During the "Quiet Is Violent Tour", a brief poem entitled "Only Skeleton Bones Remain" would precede the performance of this song.

== Critical reception ==
Dan LeRoy of Alternative Press deems the song Twenty One Pilots' best, stating that "If one single track best incorporates all the elements that have made Twenty One Pilots beloved, 'Ode to Sleep' would be it. A manic, tempo-shifting mashup of hip-hop swagger and indie-rock doubt, with a heart-stopping pop chorus designed to drive demons away."

Mitch Mosk of Atwood Magazine compared the song's pre-chorus to Electric Light Orchestra's "Mr. Blue Sky." According to Mosk, the song's beginning is primarily electronic with rapping similar to Eminem, whereas the song has a "full-blown indie-pop chorus, with jingling piano keys and rock drums." Ultimately, he attributes the appeal of the song to the (genre-swapping) disparity of the "impressive rapping" and "anthemic pop chorus' emotional release."

== Music video ==
On December 31, 2014, the band released a music video for the song "Ode to Sleep". Composed of footage captured by the band's creative director Mark C. Eshleman of Reel Bear Media from three concerts from the past three years, the video depicted the band's rapid growth from their origins as a small local band to a nationally popular alternative act, an upward trend that would continue into the next album cycle. Eshleman then went on to direct the music video, along with most of the band's others from 2012 to 2015, and again from 2019 to the present day with his recent involvements in Clancy (2024) and Breach (2025).

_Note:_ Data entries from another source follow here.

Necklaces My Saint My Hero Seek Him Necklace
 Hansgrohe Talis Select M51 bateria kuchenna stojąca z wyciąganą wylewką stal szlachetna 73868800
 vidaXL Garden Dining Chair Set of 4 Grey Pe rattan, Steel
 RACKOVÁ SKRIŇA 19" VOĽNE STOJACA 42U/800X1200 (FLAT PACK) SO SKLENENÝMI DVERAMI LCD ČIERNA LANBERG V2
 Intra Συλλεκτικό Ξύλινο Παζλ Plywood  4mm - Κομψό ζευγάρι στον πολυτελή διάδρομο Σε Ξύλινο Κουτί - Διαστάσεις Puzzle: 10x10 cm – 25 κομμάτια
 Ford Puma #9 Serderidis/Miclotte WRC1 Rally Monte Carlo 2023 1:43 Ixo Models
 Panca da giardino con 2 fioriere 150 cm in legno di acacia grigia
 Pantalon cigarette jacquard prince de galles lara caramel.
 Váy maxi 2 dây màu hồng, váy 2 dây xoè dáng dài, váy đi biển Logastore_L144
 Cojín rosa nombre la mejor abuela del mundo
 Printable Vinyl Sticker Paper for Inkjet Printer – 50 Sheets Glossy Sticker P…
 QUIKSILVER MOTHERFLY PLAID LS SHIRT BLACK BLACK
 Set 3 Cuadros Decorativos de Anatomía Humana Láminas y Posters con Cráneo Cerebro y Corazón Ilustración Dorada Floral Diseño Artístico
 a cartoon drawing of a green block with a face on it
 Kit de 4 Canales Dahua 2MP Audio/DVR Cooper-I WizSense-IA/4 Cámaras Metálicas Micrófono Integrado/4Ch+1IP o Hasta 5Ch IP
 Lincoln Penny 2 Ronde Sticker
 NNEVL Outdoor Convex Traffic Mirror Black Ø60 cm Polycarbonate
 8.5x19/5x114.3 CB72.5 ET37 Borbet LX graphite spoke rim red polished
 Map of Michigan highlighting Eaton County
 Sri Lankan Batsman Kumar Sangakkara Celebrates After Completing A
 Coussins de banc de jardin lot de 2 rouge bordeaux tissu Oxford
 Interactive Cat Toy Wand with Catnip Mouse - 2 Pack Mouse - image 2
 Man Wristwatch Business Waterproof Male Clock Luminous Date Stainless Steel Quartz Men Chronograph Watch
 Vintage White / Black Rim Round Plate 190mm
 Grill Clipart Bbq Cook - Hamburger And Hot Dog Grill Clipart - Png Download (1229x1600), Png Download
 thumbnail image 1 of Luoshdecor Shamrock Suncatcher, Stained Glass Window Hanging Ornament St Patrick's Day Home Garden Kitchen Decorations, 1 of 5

It was revealed that a skeptical Eshleman had pulled Joseph aside a few times before the shooting at the empty venue, questioning whether the small crowd was even worth filming. Joseph insisted and the music video has since garnered over 27 million views.

== Personnel ==

- Tyler Joseph – vocals, guitar, bass, keyboards, piano, synthesizer, programming
- Josh Dun – drums, percussion

=== Other musicians ===
- Greg Wells – keyboard, synthesizer, programming ("Vessel" version)

== Certifications ==

| Region | Certification | Certified units/sales |
| United States (RIAA) | Platinum | 1,000,000^{‡} |
^{‡} Sales+streaming figures based on certification alone.